Source material:
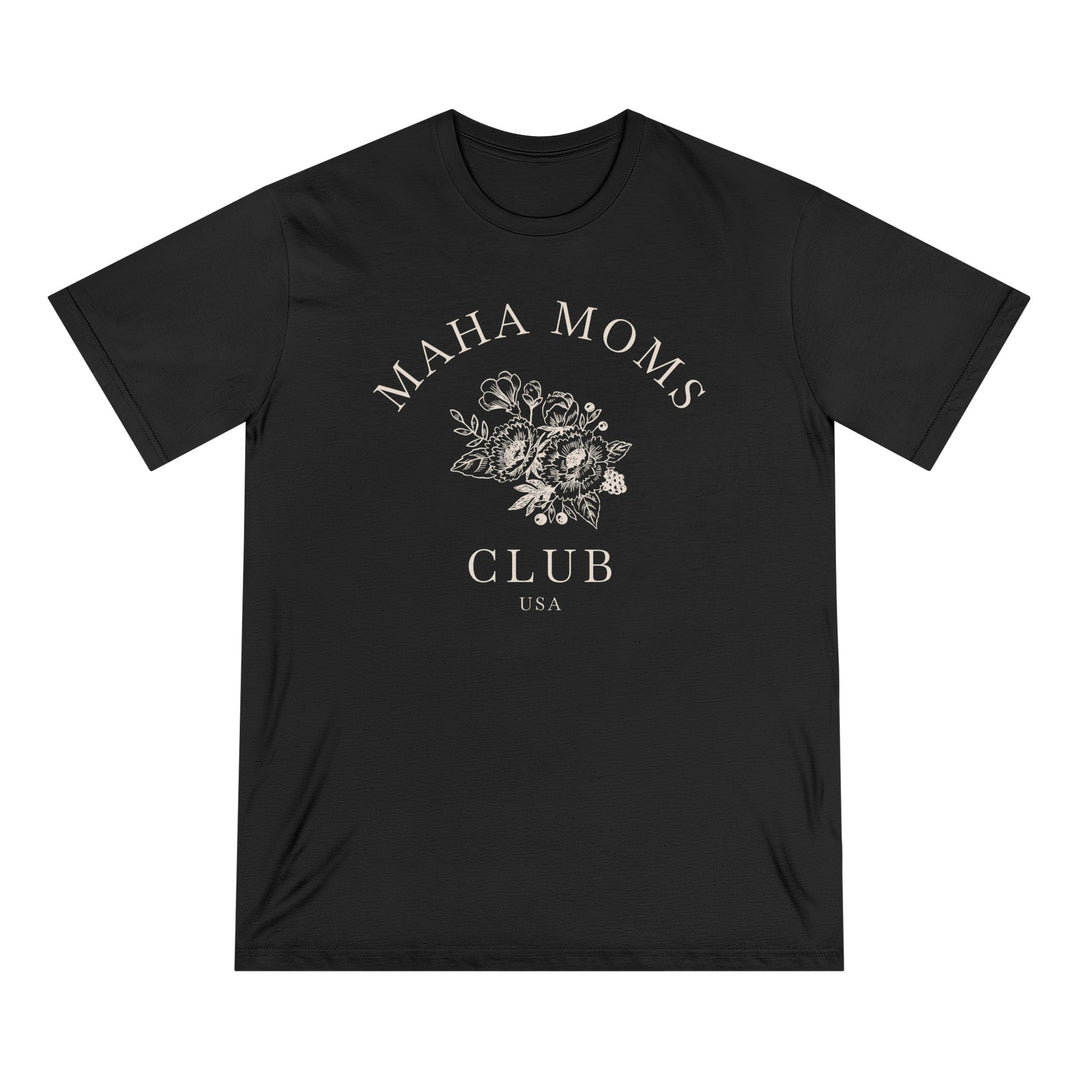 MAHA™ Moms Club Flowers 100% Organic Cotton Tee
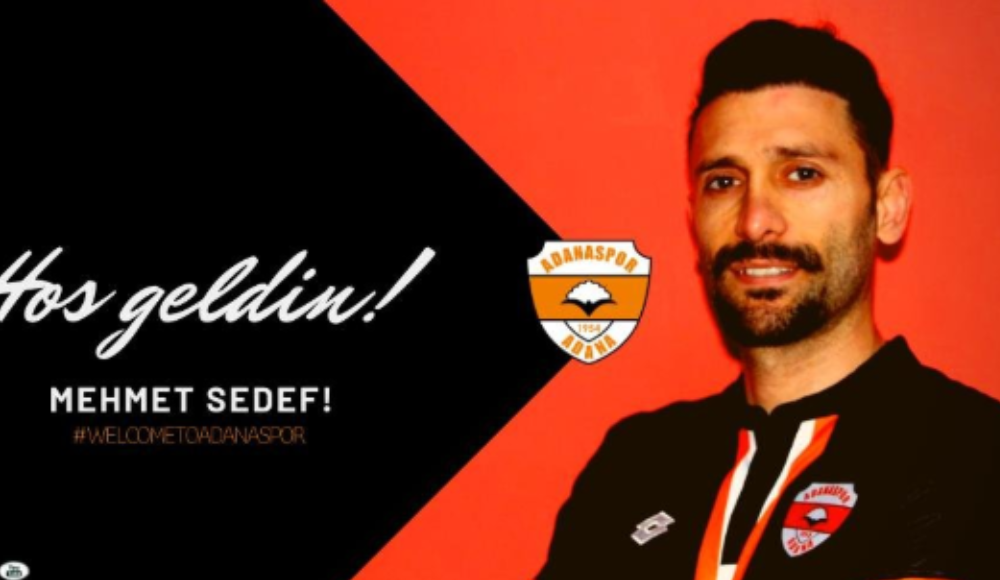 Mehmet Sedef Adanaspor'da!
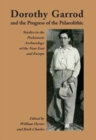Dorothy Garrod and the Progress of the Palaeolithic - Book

The problem:
From the first line to the last, transcribe the listing exactly; skip the pictures.

Written response:
 MAHA™ Moms Club Flowers 100% Organic Cotton Tee
 Mehmet Sedef Adanaspor'da!
Dorothy Garrod and the Progress of the Palaeolithic - Book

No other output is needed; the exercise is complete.